## [Task prompt]
The records below are to be restated word for word, with every picture left out.

----

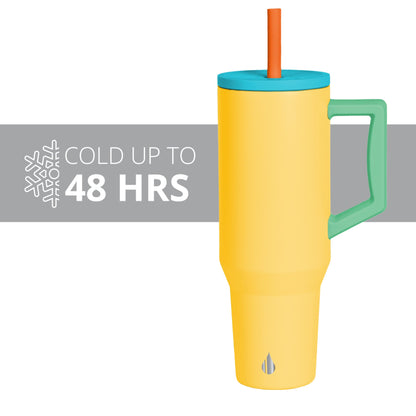 Elemental 40 oz Tumbler with Handle and Straw - Spill Proof Insulated Stainless Steel Commuter for Hot and Cold Beverages - Travel Coffee Mug with 2 Straws & Spill Proof Lid - 40oz - Lemon Zest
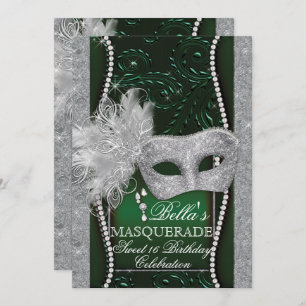 Mardi Gras Masquerade Invitation de fête d'anniver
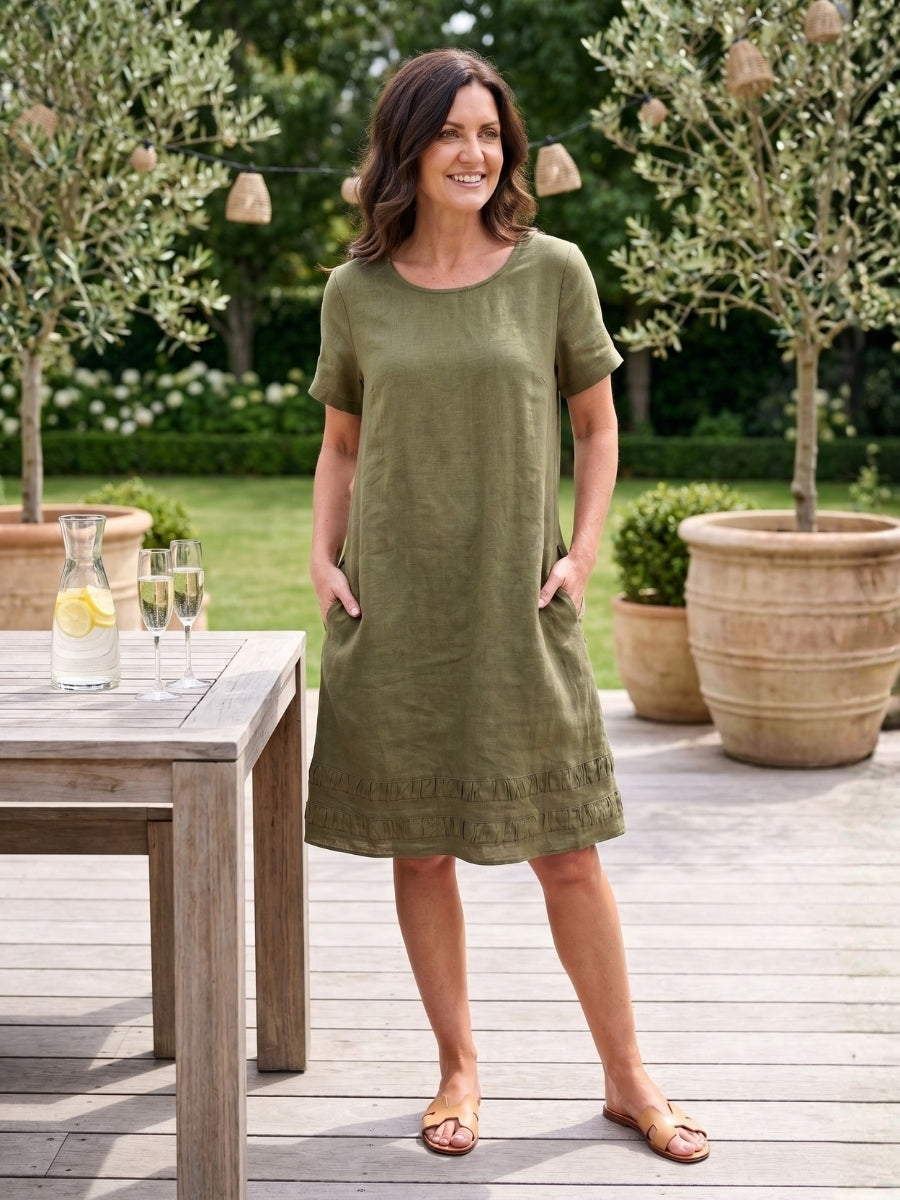 Maglia Lux Encore Trim Linen Dress | Olive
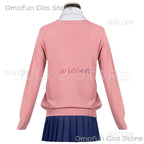 Dandadan Momo Ayase Cosplay Costume Wig Anime School JK Uniform Earrings Pink Sweater Skirt Halloween Party Women Roleplay Sets SS69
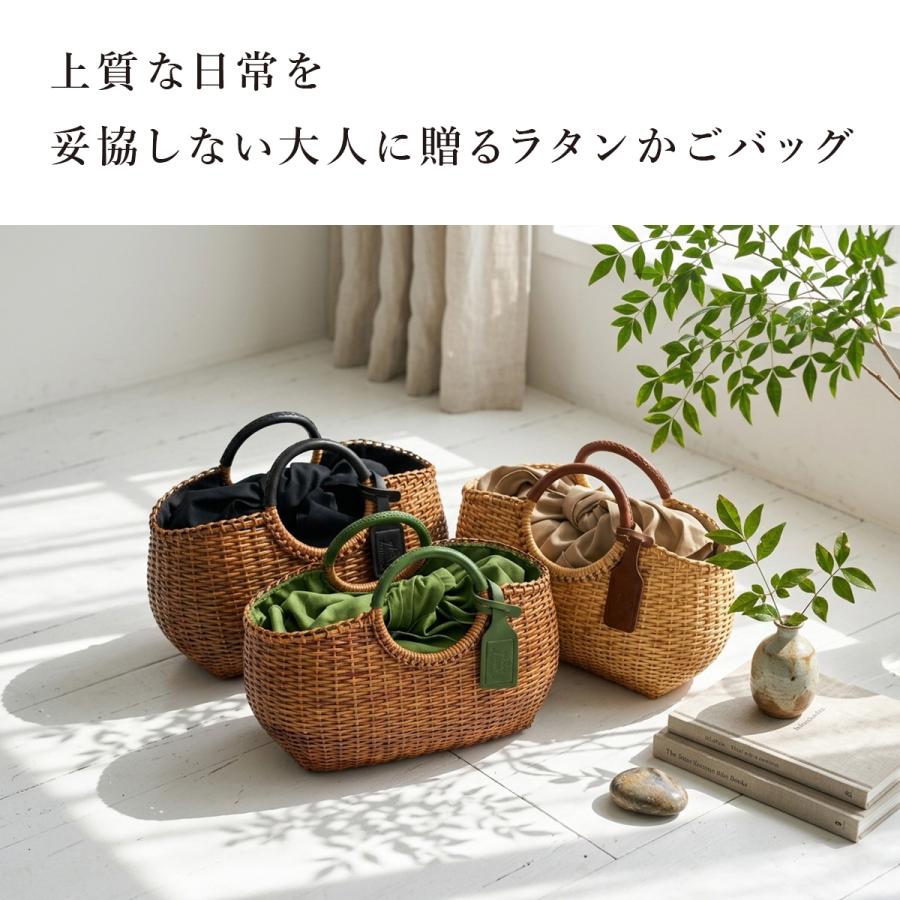 かごバッグ 本革 ラタン 和装 巾着 浴衣 ハンドバッグ トート 大人 Angelus.A アンジェラスエー 26001 軽い 上品 可愛い シンプル 夏 母の日の画像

----

## [The answer]
 Elemental 40 oz Tumbler with Handle and Straw - Spill Proof Insulated Stainless Steel Commuter for Hot and Cold Beverages - Travel Coffee Mug with 2 Straws & Spill Proof Lid - 40oz - Lemon Zest
 Mardi Gras Masquerade Invitation de fête d'anniver
 Maglia Lux Encore Trim Linen Dress | Olive
 Dandadan Momo Ayase Cosplay Costume Wig Anime School JK Uniform Earrings Pink Sweater Skirt Halloween Party Women Roleplay Sets SS69
 かごバッグ 本革 ラタン 和装 巾着 浴衣 ハンドバッグ トート 大人 Angelus.A アンジェラスエー 26001 軽い 上品 可愛い シンプル 夏 母の日の画像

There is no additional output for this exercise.